Supplied information |

*** Block opens ***

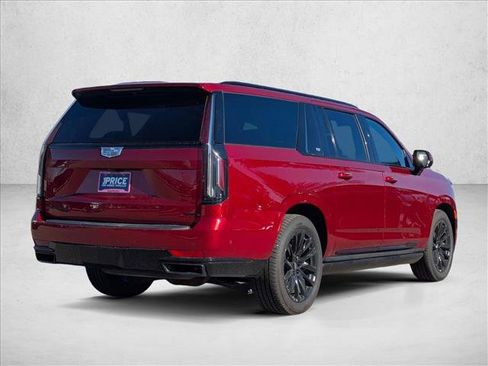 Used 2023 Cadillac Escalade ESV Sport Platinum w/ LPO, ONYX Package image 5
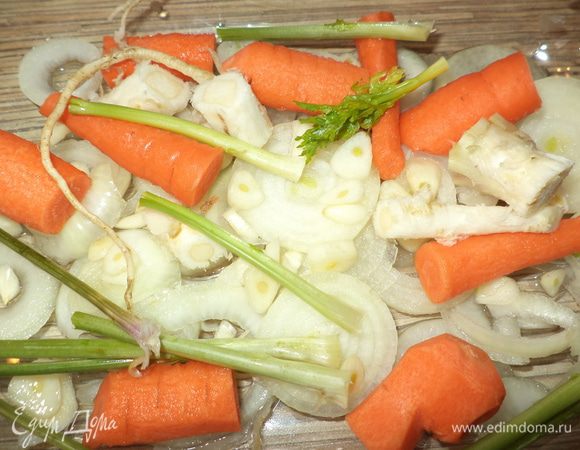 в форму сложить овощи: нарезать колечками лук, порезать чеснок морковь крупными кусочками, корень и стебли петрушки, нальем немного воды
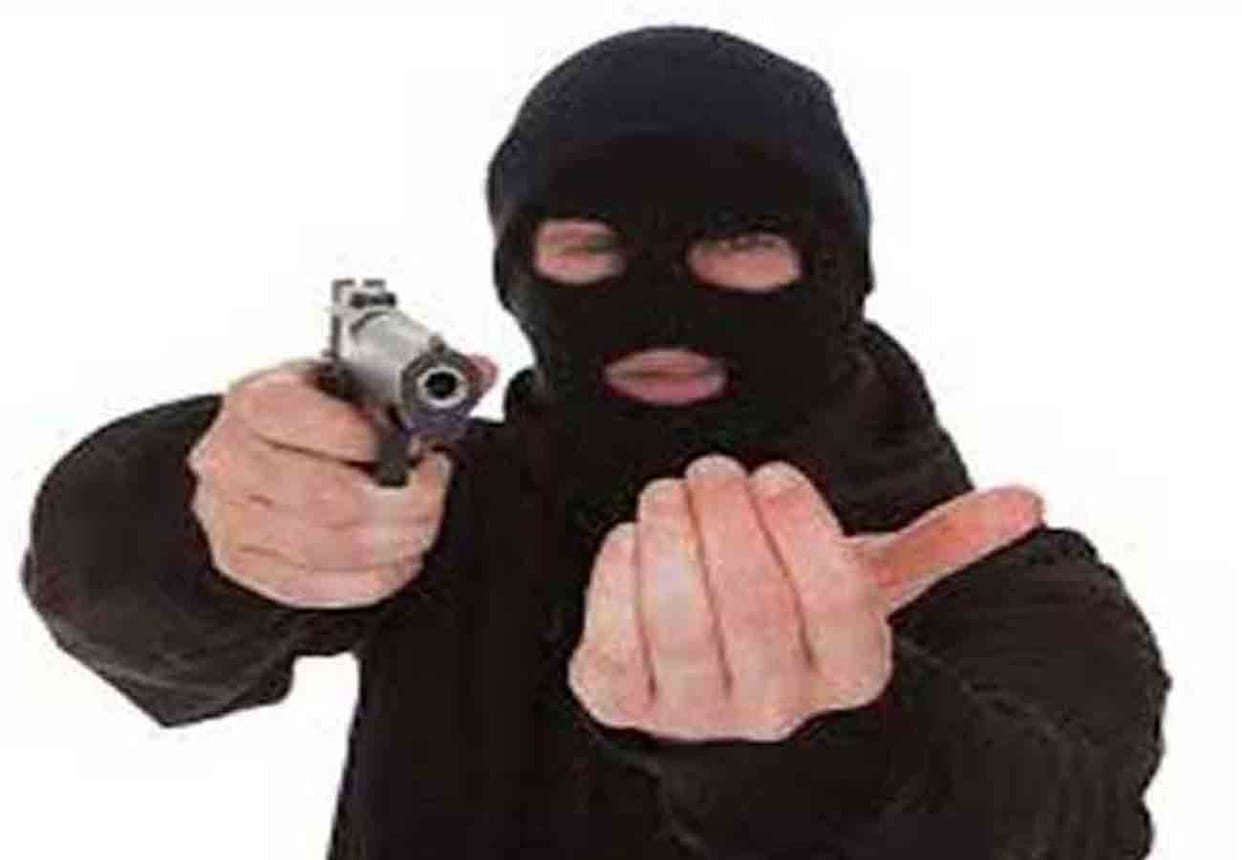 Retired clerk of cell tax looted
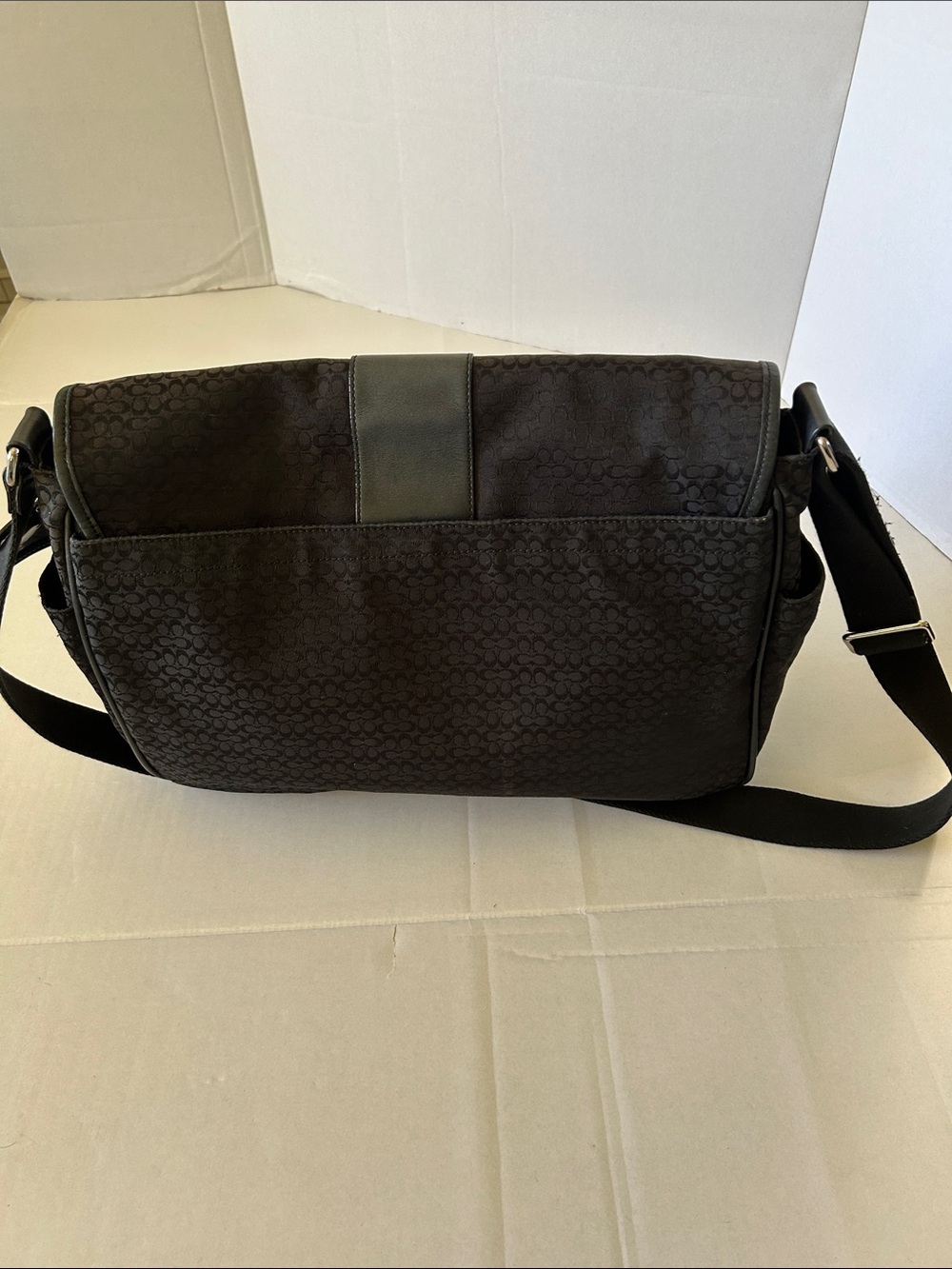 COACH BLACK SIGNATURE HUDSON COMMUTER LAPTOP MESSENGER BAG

*** Block closes ***

Task instructions |
Write the material out again exactly as it appears, dropping the pictures.

Task output |
 Used 2023 Cadillac Escalade ESV Sport Platinum w/ LPO, ONYX Package image 5
 в форму сложить овощи: нарезать колечками лук, порезать чеснок морковь крупными кусочками, корень и стебли петрушки, нальем немного воды
 Retired clerk of cell tax looted
 COACH BLACK SIGNATURE HUDSON COMMUTER LAPTOP MESSENGER BAG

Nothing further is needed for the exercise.